SUPPLIED DATA below:
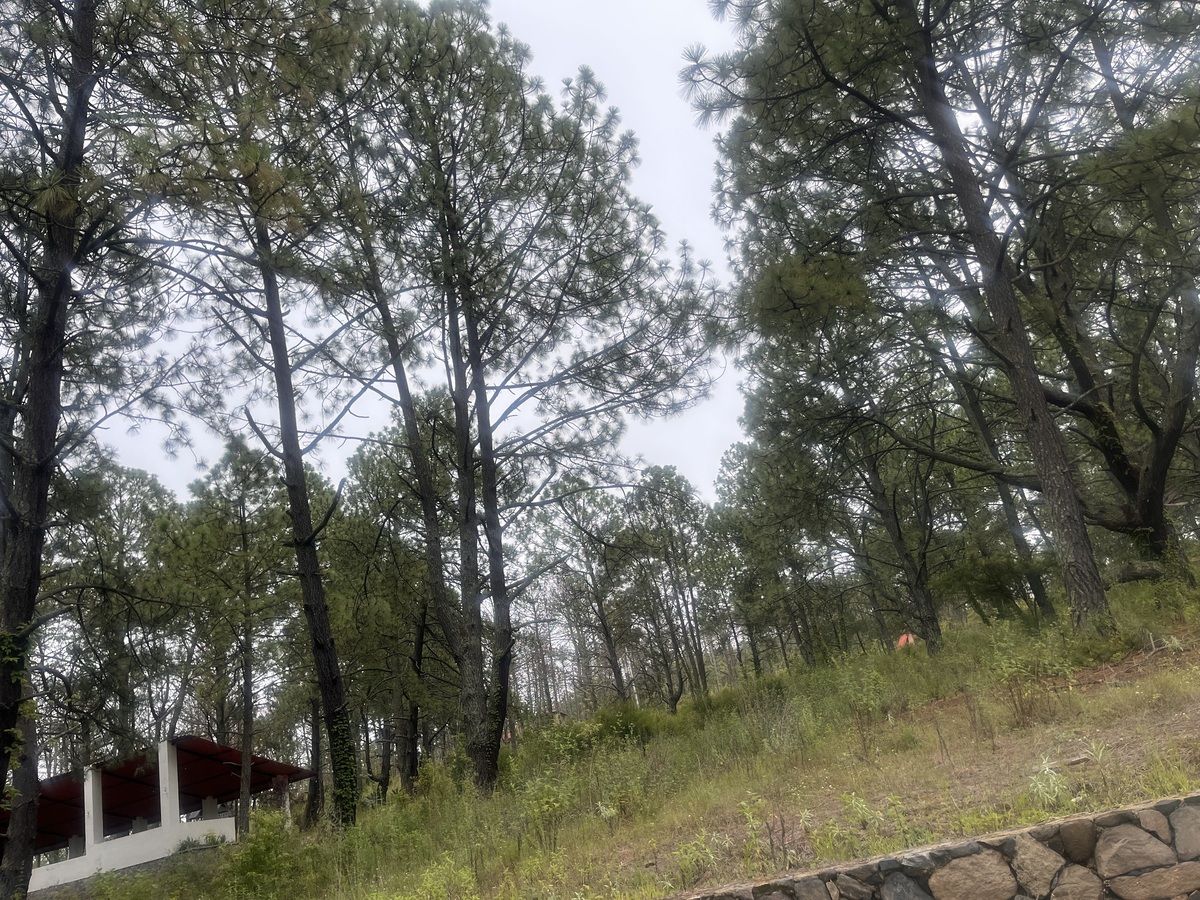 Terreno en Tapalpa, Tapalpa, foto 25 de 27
End of SUPPLIED DATA.
SUPPLIED DATA below:
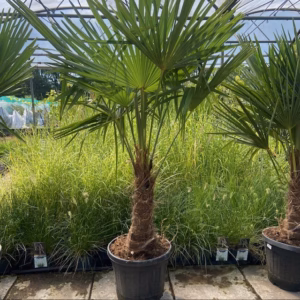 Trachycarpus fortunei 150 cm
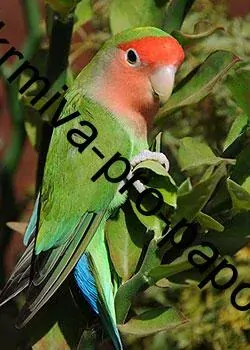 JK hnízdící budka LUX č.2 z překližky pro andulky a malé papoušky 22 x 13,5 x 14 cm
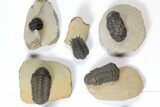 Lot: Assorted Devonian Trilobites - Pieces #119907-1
End of SUPPLIED DATA.
WHAT YOU ARE ASKED TO DO: Take the material above from the line bearing "JK hnízdící budka" through the line bearing "Lot: Assorted Devonian" and write it out exactly, both end lines included. Pictures stay out.

RESPONSE TO THE TASK:
 JK hnízdící budka LUX č.2 z překližky pro andulky a malé papoušky 22 x 13,5 x 14 cm
 Lot: Assorted Devonian Trilobites - Pieces #119907-1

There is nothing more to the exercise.